EXERCISE AIM => Begin at the line containing "Sonic Prime Figure" in the entries below and end at the line containing "Ampeg ASB-1 LEFT"; transcribe that range exactly and nothing outside it.

RECORDS SHOWN =>

_ _ _ _ _

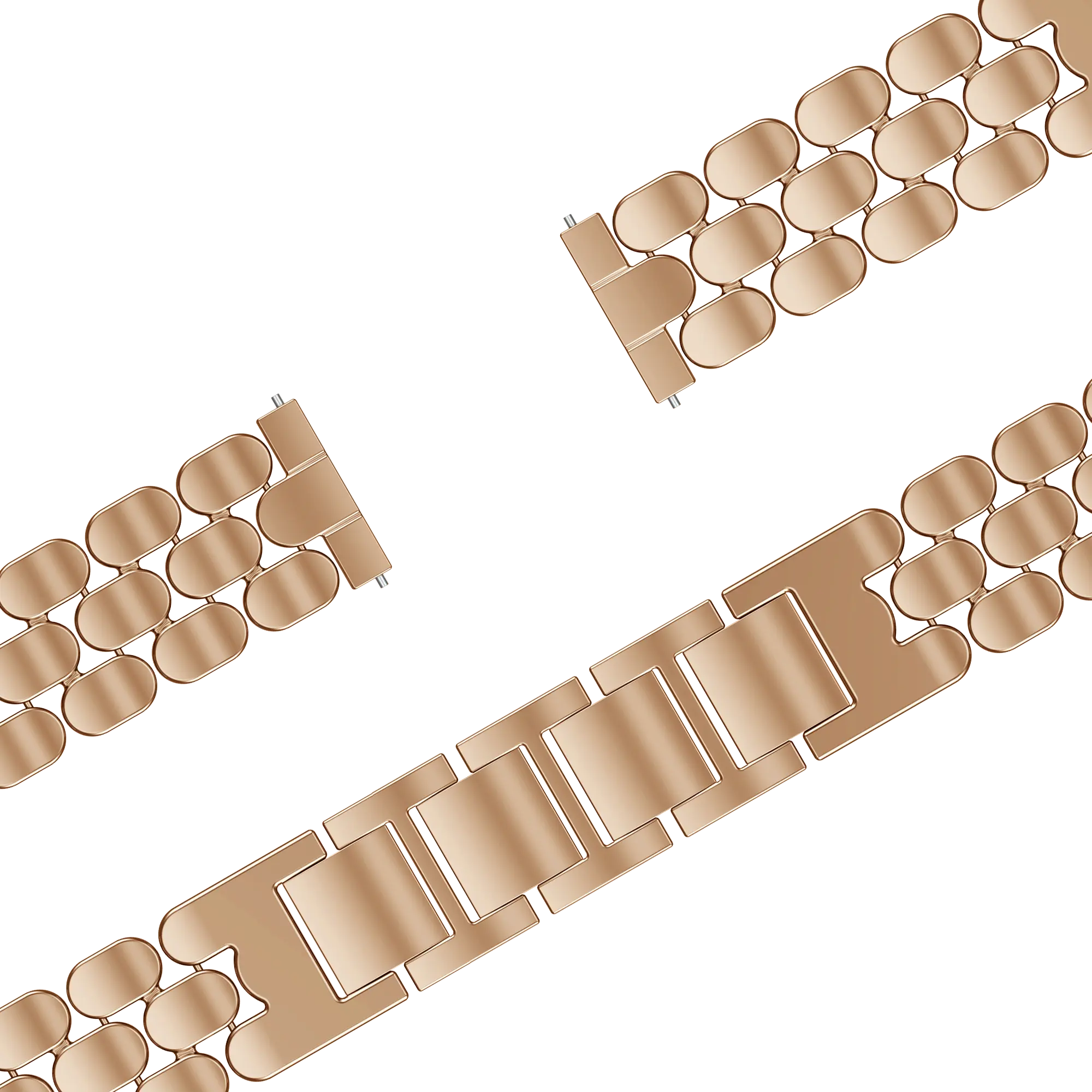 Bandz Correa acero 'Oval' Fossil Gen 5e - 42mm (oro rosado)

_ _ _ _ _

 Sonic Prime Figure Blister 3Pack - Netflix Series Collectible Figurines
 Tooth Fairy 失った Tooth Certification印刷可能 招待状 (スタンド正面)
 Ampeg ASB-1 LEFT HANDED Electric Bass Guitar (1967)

_ _ _ _ _

RESPONSE =>
 Sonic Prime Figure Blister 3Pack - Netflix Series Collectible Figurines
 Tooth Fairy 失った Tooth Certification印刷可能 招待状 (スタンド正面)
 Ampeg ASB-1 LEFT HANDED Electric Bass Guitar (1967)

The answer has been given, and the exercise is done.